Re: [PATCH] x86/hpet: Read HPET directly if panic in progress
From: Thomas Gleixner
Date: Tue May 28 2024 - 18:12:53 EST
On Tue, May 28 2024 at 07:18, Dave Hansen wrote:
> On 5/27/24 23:38, Tony W Wang-oc wrote:
> ...> diff --git a/arch/x86/kernel/hpet.c b/arch/x86/kernel/hpet.c
>> index c96ae8fee95e..ecadd0698d6a 100644
>> --- a/arch/x86/kernel/hpet.c
>> +++ b/arch/x86/kernel/hpet.c
>> @@ -804,6 +804,12 @@ static u64 read_hpet(struct clocksource *cs)
>> if (in_nmi())
>> return (u64)hpet_readl(HPET_COUNTER);
>>
>> + /*
>> + * Read HPET directly if panic in progress.
>> + */
>> + if (unlikely(atomic_read(&panic_cpu) != PANIC_CPU_INVALID))
>> + return (u64)hpet_readl(HPET_COUNTER);
>> +
>
> There is literally one other piece of the code in the kernel doing
> something similar: the printk() implementation. There's no other
> clocksource or timekeeping code that does this on any architecture.
>
> Why doesn't this problem apply to any other clock sources?
I principle it applies to any clocksource which needs a spinlock to
serialize access. HPET is not the only insanity here.
Think about i8253 :)
Most real clocksources, like TSC and the majority of the preferred clock
sources on other architectures are perfectly fine.
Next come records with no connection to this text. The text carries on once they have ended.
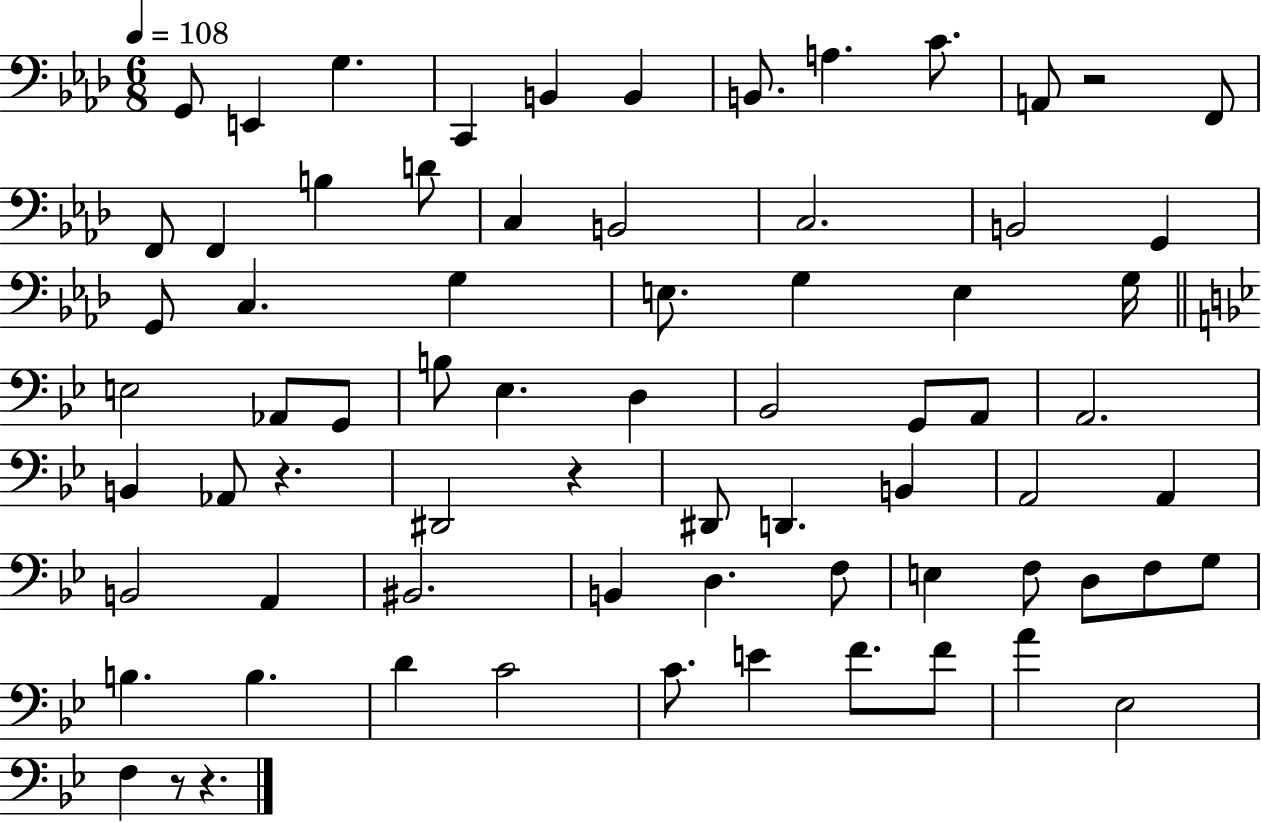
{
  \clef bass
  \numericTimeSignature
  \time 6/8
  \key aes \major
  \tempo 4 = 108
  g,8 e,4 g4. | c,4 b,4 b,4 | b,8. a4. c'8. | a,8 r2 f,8 | \break f,8 f,4 b4 d'8 | c4 b,2 | c2. | b,2 g,4 | \break g,8 c4. g4 | e8. g4 e4 g16 | \bar "||" \break \key g \minor e2 aes,8 g,8 | b8 ees4. d4 | bes,2 g,8 a,8 | a,2. | \break b,4 aes,8 r4. | dis,2 r4 | dis,8 d,4. b,4 | a,2 a,4 | \break b,2 a,4 | bis,2. | b,4 d4. f8 | e4 f8 d8 f8 g8 | \break b4. b4. | d'4 c'2 | c'8. e'4 f'8. f'8 | a'4 ees2 | \break f4 r8 r4. | \bar "|."
}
They just read and be
done.
> Why should the problem be fixed in the clock sources themselves? Why
> doesn't printk() deadlock on systems using the HPET?
Because regular printk()s are deferred to irq work when in NMI and
similar contexts, but that obviously does not apply to panic
situations. Also NMI is treated special even in the HPET code. See
below.
> In other words, I think we should fix pstore to be more like printk
> rather than hacking around this in each clock source.
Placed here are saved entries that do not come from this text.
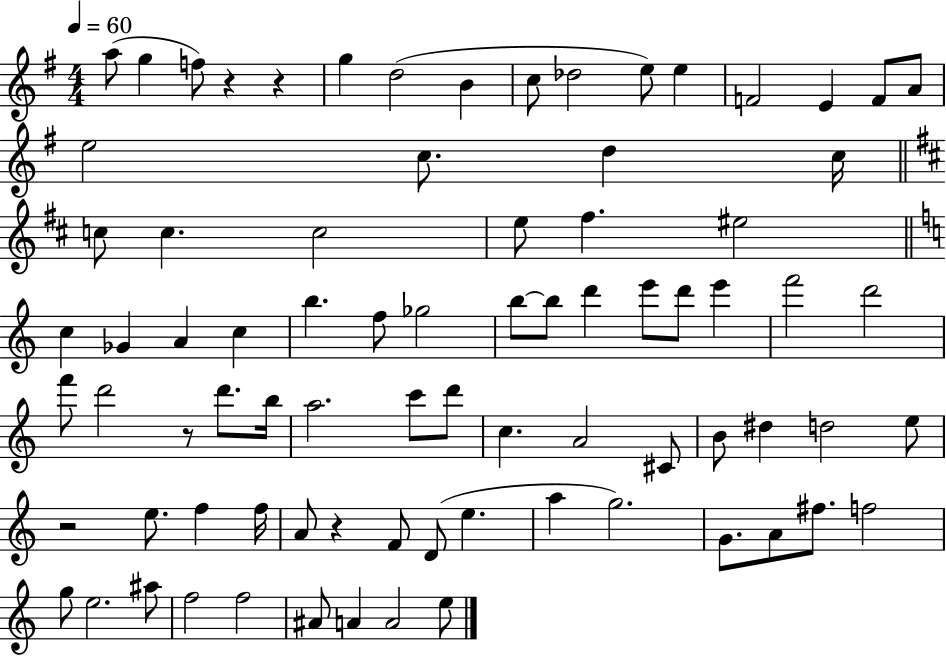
X:1
T:Untitled
M:4/4
L:1/4
K:G
a/2 g f/2 z z g d2 B c/2 _d2 e/2 e F2 E F/2 A/2 e2 c/2 d c/4 c/2 c c2 e/2 ^f ^e2 c _G A c b f/2 _g2 b/2 b/2 d' e'/2 d'/2 e' f'2 d'2 f'/2 d'2 z/2 d'/2 b/4 a2 c'/2 d'/2 c A2 ^C/2 B/2 ^d d2 e/2 z2 e/2 f f/4 A/2 z F/2 D/2 e a g2 G/2 A/2 ^f/2 f2 g/2 e2 ^a/2 f2 f2 ^A/2 A A2 e/2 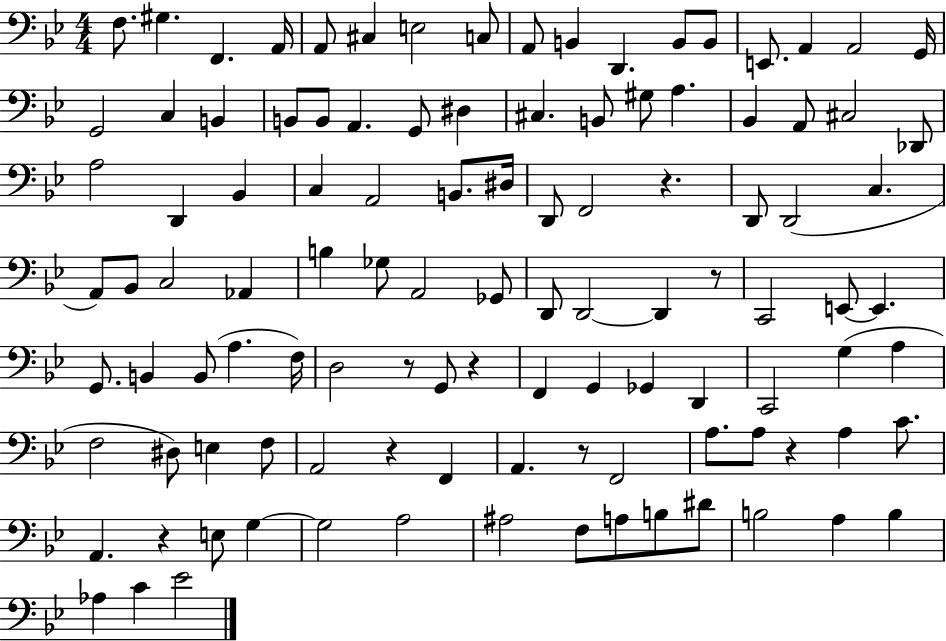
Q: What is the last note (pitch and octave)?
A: Eb4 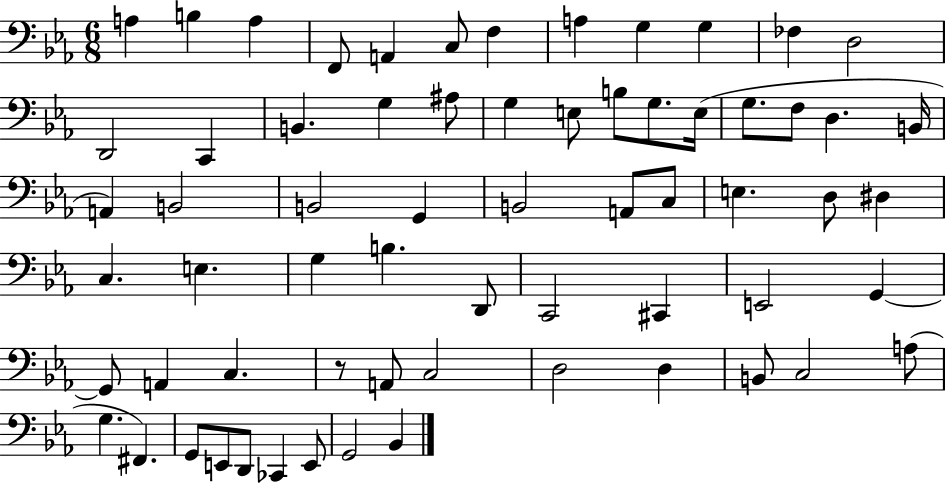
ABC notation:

X:1
T:Untitled
M:6/8
L:1/4
K:Eb
A, B, A, F,,/2 A,, C,/2 F, A, G, G, _F, D,2 D,,2 C,, B,, G, ^A,/2 G, E,/2 B,/2 G,/2 E,/4 G,/2 F,/2 D, B,,/4 A,, B,,2 B,,2 G,, B,,2 A,,/2 C,/2 E, D,/2 ^D, C, E, G, B, D,,/2 C,,2 ^C,, E,,2 G,, G,,/2 A,, C, z/2 A,,/2 C,2 D,2 D, B,,/2 C,2 A,/2 G, ^F,, G,,/2 E,,/2 D,,/2 _C,, E,,/2 G,,2 _B,, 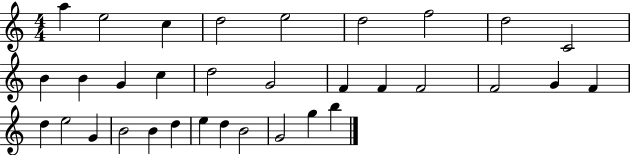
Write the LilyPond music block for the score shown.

{
  \clef treble
  \numericTimeSignature
  \time 4/4
  \key c \major
  a''4 e''2 c''4 | d''2 e''2 | d''2 f''2 | d''2 c'2 | \break b'4 b'4 g'4 c''4 | d''2 g'2 | f'4 f'4 f'2 | f'2 g'4 f'4 | \break d''4 e''2 g'4 | b'2 b'4 d''4 | e''4 d''4 b'2 | g'2 g''4 b''4 | \break \bar "|."
}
pstore is perfectly fine. It uses a NMI safe time accessor function
which is then tripping over the HPET lock. That's really a HPET specific
problem.
Though what I read out of the changelog is that the MCE hits the same
CPU 'x' which holds the lock. But that's fairy tale material as you can
see in the patch above:
if (in_nmi())
return (u64)hpet_readl(HPET_COUNTER);
For that particular case the dead lock, which would actually be a live
lock, cannot happen because in kernel MCEs are NMI class exceptions and
therefore in_nmi() evaluates to true and that new voodoo can't be
reached at all.
Now there are two other scenarios which really can make that happen:
1) A non-NMI class exception within the lock held region
CPU A
acquire(hpet_lock);
... <- #PF, #GP, #DE, ... -> panic()
If any of that happens within that lock held section then the live
lock on the hpet_lock is the least of your worries. Seriously, I
don't care about this at all.
2) The actual scenario is:
CPU A CPU B
lock(hpet_lock)
MCE hits user space
...
exc_machine_check_user()
irqentry_enter_from_user_mode(regs);
irqentry_enter_from_user_mode() obviously does not mark the
exception as NMI class, so in_nmi() evaluates to false. That would
actually dead lock if CPU A is not making progress and releases
hpet_lock.
Sounds unlikely to happen, right? But in reality it can because of
MCE broadcast. Assume that both CPUs go into MCE:
CPU A CPU B
lock(hpet_lock)
exc_machine_check_user()
irqentry_enter_from_user_mode();
exc_machine_check_kernel() do_machine_check()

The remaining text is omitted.